『ゆれる』

さすが香川さんに「10年に一度出会えるかどうかの脚本」と言わしめただけのことはある。心の奥に潜む優越感と劣等感。理性と狂気。ふとした事でそれまで辛うじて保っていたバランスが崩れた瞬間、あらぬ誤解と悲劇が生まれてしまう。そんな脆くて危うい人の内面を巧みな心理描写で描いた作品。緻密で隙のない脚本と演出、そして見事な役者の演技に圧倒される思いでした。

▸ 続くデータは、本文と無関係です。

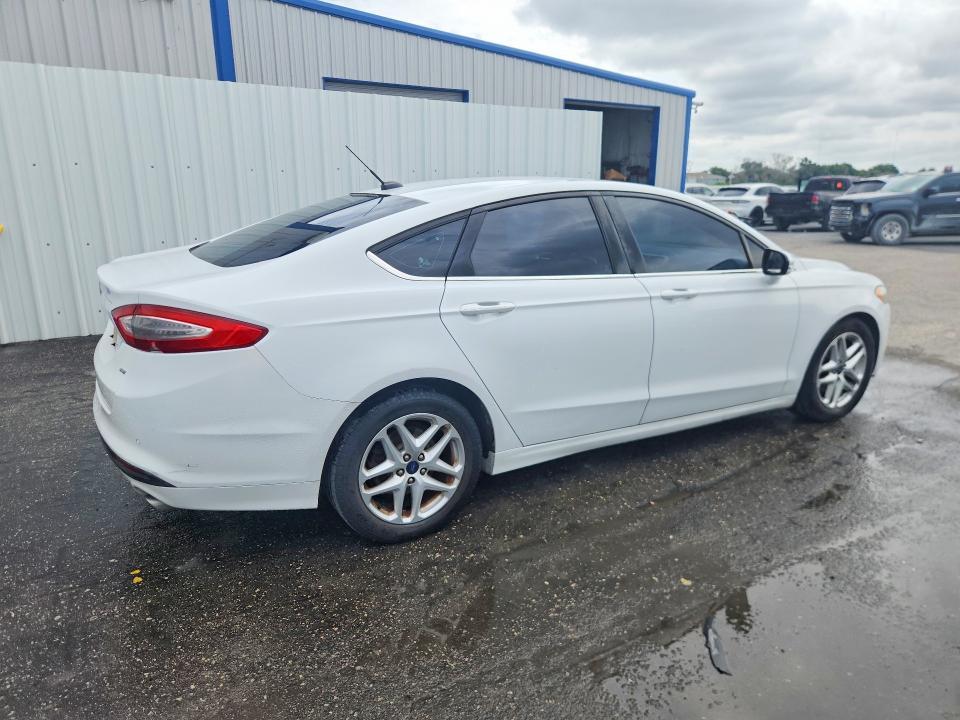 2016 Ford Fusion se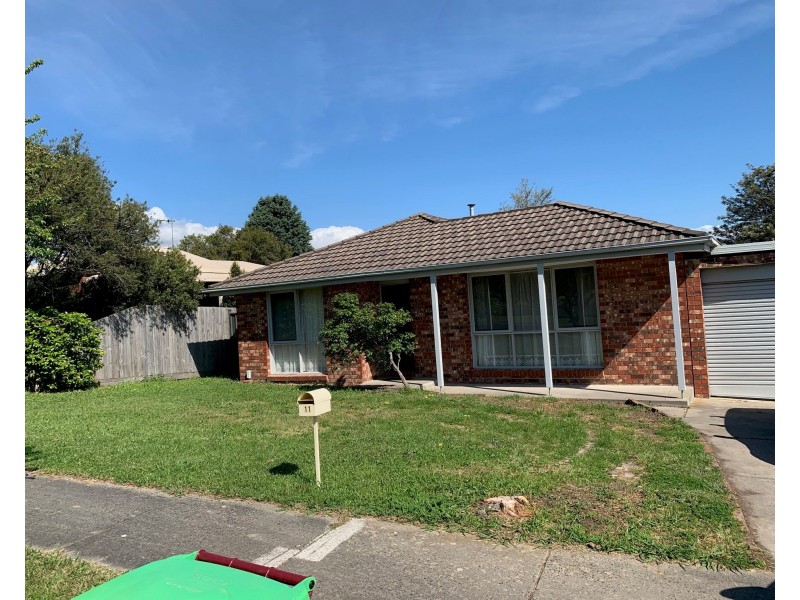 11 Peebles Street, Endeavour Hills VIC 3802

危険な魅力を発しながら自由奔放に生きるアウトローな弟と、生真面目で面白味のない優等生タイプの兄。一人の女性を巡って、この対極的な2人の感情が縺れ絡みぶつかり合う。画面いっぱいから伝わる張り詰めた緊張感。複雑な心のゆれを見事に表現したオダジョーと、狂気を孕んだ香川さんの演技に、見ている側の心もまた”ゆれる”。何が本当なのか。何を信じればいいのか。真実はどこにあるのか。些細な表情の変化一つとして見逃すまいと、全神経を傾けて見入っていたら、終わる頃には肩がコチコチになっていた。どうやら相当力を入れて見てたらしい(苦笑)。人の心の脆さをリアルに描きながらも、同時に”先入観”という心理を巧みに利用して、観客をも惑わしながら驚きの結末へと導いた西川美和監督は若干32歳という若さ。末恐ろしい人が現れたものだ。そして本気で気持ち悪く見えた香川さんに、心から拍手を送りたい。